Aus
minister's climate quip draws ire of Pacific leaders
Australian
cabinet minister Peter Dutton has been labelled morally irresponsible
and arrogant after he was overheard quipping about the plight of
Pacific countries facing rising sea levels from climate change.
13
September, 2014
The
Immigration minister was yesterday speaking with the country's Prime
Minister, Tony Abbott, who had just returned from the Pacific Islands
Forum Summit in Papua New Guinea, where climate change was a key
focus.
Noting
that the meeting was running late, Mr Dutton remarked that it was
running to "Cape York time", to which Mr Abbott replied,
"we had a bit of that up in Port Moresby."
Australian
Federal Immigration and Border Protection Minister Peter Dutton.

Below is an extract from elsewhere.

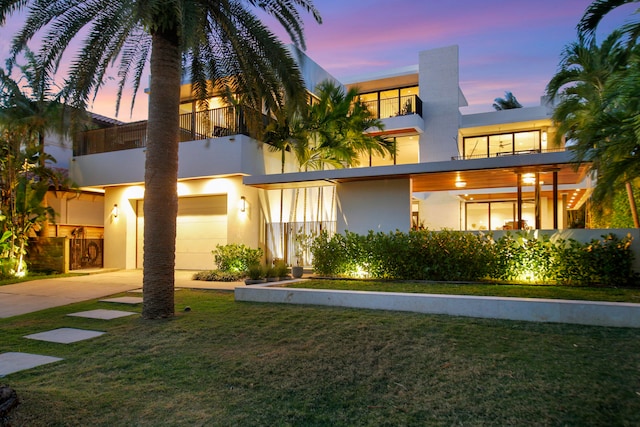 view of front of home featuring a garage and a yard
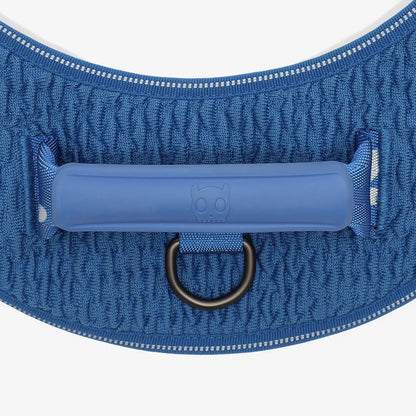 Blue dog harness with a handle on a white background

Photo: AAP
Mr
Dutton then responded: "Time doesn't mean anything when you're
about to have water lapping at your door," to which both Mr
Dutton and Mr Abbott laughed.
The
Social Services minister, Scott Morrison, then pointed out that there
was a large television microphone directly above them.
The
comments have stirred anger from the leaders of low-lying Pacific
nations struggling against rising sea levels and intensifying weather
systems.
The
president of Kiribati, Anote Tong, said the joke showed a sense of
moral irresponsibility unbecoming of leadership in any capacity.
He
also warned Mr Dutton that a future Australian immigration minister
will have to deal with a wave of Pacific refugees from low-lying
countries like Kiribati, if sea levels continue to rise.
The
foreign minister of the Marshall Islands, Tony de Brum, took to
Twitter to express his dismay, saying "[it] seems insensitivity
knows no bounds in the big polluting island down [south]."
Next
time waves are battering my home & my grandkids are scared, I’ll
ask Peter Dutton to come over, and we'll see if he is still laughing.
— Tony de Brum (@MinisterTdB) September 11, 2015
Mr
de Brum continued: "Next time waves are battering my home and my
grandkids are scared, I'll ask Peter Dutton to come over, and we'll
see if he is still laughing."
Mr
Dutton has refused to comment about his joke, describing the exchange
as a private conversation.
Large
waves in Marshall Islands Photo: RNZI/Giff
Johnson
That
conversation was only hours after the Pacific Islands Forum meeting
highlighted a growing chasm between the Pacific countries and
Australia and New Zealand on the issue of climate change.
Early
on in the summit, conflicting views emerged as small island states
like Kiribati and Palau reiterated their calls for greater action
from more developed nations, such as New Zealand and Australia.
The
major sticking point was a call for emissions to be lowered to the
point where global temperatures would not increase more than 1.5°C
above pre-industrial levels, while New Zealand and Australia have so
far stuck with the UN promoted target of 2°C.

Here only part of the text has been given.